Rainfall‐runoff responses and hillslope moisture thresholds for an upland tropical catchment in Eastern Madagascar subject to long‐term slash‐and‐burn practices

• Published in: Hydrological processes Vol. 37; no. 8
• Main Authors: Zwartendijk, B. W., van Meerveld, H. J., Teuling, A. J., Ghimire, C. P., Bruijnzeel, L. A.
• Format: Journal Article
• Language: English
• Published: Hoboken, USA John Wiley & Sons, Inc 01.08.2023; Wiley Subscription Services, Inc
• Subjects: Agriculture; Catchment scale; Catchments; Charcoal; Eucalyptus; Grasslands; highlands; Hydrology; Land cover; Land use; Madagascar; Moisture effects; Mosaics; Overland flow; Perennial streams; Physical properties; Precipitation; rain; Rainfall; Regrowth; rice; Rice fields; Runoff; runoff generation processes; Saturation; saturation‐excess overland flow; shifting cultivation; shrubs; Soil; Soil moisture; Soil physical properties; Soil properties; soil water; Stable isotopes; stormflow; Storms; Stream discharge; Stream flow; streams; Surface runoff; swidden agriculture; threshold response; topographic slope; topsoil; trees; Tropical forests; Valleys; Water resources; Water yield; Watersheds; Wetlands; Madagascar
• ISSN: 0885-6087; 1099-1085
• DOI: 10.1002/hyp.14937

Slash‐and‐burn agriculture is an important driver of tropical forest loss and typically results in a mosaic of land uses. However, there is little quantitative information about the hydrological effects of long‐term slash‐and‐burn agriculture and how such mosaics affect the rainfall‐runoff response at the catchment scale. We monitored streamflow responses at two points along a perennial stream in a 31.7 ha catchment in eastern Madagascar that was monitored previously between 1963 and 1972. Land cover in 2015 consisted of degraded grasslands, shrub and tree fallows at various stages of regrowth (64%), eucalypt stands for charcoal production (30%), and rice paddies and wetlands in the valley‐bottom (3%). For the majority (60%) of the events during the study period, the ratio between the total amount of stormflow and rainfall was <3%, suggesting that for these events runoff was generated in the valley‐bottom only. Events for which an antecedent soil moisture storage plus rainfall (ASI + P) threshold was exceeded had much higher stormflow ratios (up to 50%), indicating that a certain wetness was required for the hillslopes to contribute to stormflow.
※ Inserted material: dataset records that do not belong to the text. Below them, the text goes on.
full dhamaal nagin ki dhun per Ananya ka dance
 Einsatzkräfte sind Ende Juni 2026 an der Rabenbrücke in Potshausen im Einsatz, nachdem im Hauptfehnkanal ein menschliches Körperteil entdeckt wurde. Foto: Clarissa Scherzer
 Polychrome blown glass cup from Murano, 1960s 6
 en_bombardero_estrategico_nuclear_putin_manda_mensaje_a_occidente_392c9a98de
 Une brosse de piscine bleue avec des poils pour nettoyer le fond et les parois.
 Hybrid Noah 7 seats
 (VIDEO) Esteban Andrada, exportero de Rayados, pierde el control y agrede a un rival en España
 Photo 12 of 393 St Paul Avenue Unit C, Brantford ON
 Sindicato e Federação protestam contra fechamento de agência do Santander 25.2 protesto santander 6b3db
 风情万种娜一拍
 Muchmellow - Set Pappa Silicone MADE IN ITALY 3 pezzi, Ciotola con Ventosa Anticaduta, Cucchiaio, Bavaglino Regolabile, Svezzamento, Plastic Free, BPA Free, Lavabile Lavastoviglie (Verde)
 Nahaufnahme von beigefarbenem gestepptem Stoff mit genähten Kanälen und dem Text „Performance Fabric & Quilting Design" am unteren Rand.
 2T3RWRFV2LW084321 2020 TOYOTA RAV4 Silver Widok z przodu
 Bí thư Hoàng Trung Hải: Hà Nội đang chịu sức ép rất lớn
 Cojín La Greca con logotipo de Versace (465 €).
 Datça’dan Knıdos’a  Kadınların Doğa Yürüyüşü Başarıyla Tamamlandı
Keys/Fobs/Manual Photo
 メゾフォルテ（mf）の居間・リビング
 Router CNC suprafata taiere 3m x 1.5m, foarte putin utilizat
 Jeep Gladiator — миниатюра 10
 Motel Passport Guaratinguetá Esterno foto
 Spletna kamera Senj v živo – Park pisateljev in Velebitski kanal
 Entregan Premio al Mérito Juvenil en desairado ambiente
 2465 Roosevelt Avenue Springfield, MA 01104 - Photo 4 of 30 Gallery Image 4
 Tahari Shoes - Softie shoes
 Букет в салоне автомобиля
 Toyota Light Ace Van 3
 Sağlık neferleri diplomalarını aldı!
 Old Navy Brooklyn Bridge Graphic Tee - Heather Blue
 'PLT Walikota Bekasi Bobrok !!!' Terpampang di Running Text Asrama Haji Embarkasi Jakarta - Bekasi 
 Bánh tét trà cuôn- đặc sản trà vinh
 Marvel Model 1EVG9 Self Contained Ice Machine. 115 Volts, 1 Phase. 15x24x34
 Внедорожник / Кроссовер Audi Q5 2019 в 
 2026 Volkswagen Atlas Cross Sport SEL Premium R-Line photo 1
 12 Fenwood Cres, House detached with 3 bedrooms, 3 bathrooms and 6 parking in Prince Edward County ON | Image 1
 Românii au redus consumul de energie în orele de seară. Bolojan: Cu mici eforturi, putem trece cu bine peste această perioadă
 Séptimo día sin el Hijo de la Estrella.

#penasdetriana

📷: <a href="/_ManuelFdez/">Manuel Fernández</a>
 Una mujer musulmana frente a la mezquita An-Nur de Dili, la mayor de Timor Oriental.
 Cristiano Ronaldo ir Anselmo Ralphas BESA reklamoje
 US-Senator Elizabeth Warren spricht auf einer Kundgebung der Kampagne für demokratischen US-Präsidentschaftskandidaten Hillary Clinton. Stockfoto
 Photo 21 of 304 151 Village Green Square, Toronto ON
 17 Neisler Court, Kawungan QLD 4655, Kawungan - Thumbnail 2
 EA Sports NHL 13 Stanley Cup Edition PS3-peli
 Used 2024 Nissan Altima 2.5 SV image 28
Stable isotope sampling for four small to moderate events indicated that stormflow was dominated by pre‐event water. Total stormflow and annual water yield in 2015 were higher than in the 1960s, despite much lower rainfall in 2015. We attribute these differences to changes in soil physical properties caused by the repeated burning and loss of top‐soil, which has resulted in a reduction in the depth to the impeding layer. The changed runoff‐processes (less infiltration, more saturation‐excess overland flow) thus affect local water resources. Small rainfall events: only the stream surface and valley bottom contribute to stormflow, leading to a small streamflow response. Intermediate rainfall events or moist antecedent conditions: perched water tables develop on the hillslopes, leading to subsurface stormflow and saturation‐excess overland flow at degraded sites and in the riparian zone; stormflow is dominated by pre‐event water. Large rainfall events or wet antecedent conditions: the catchment is hydrologically connected via subsurface stormflow; saturation‐excess overland flow also occurs on up‐slope areas; event‐water dominates stormflow.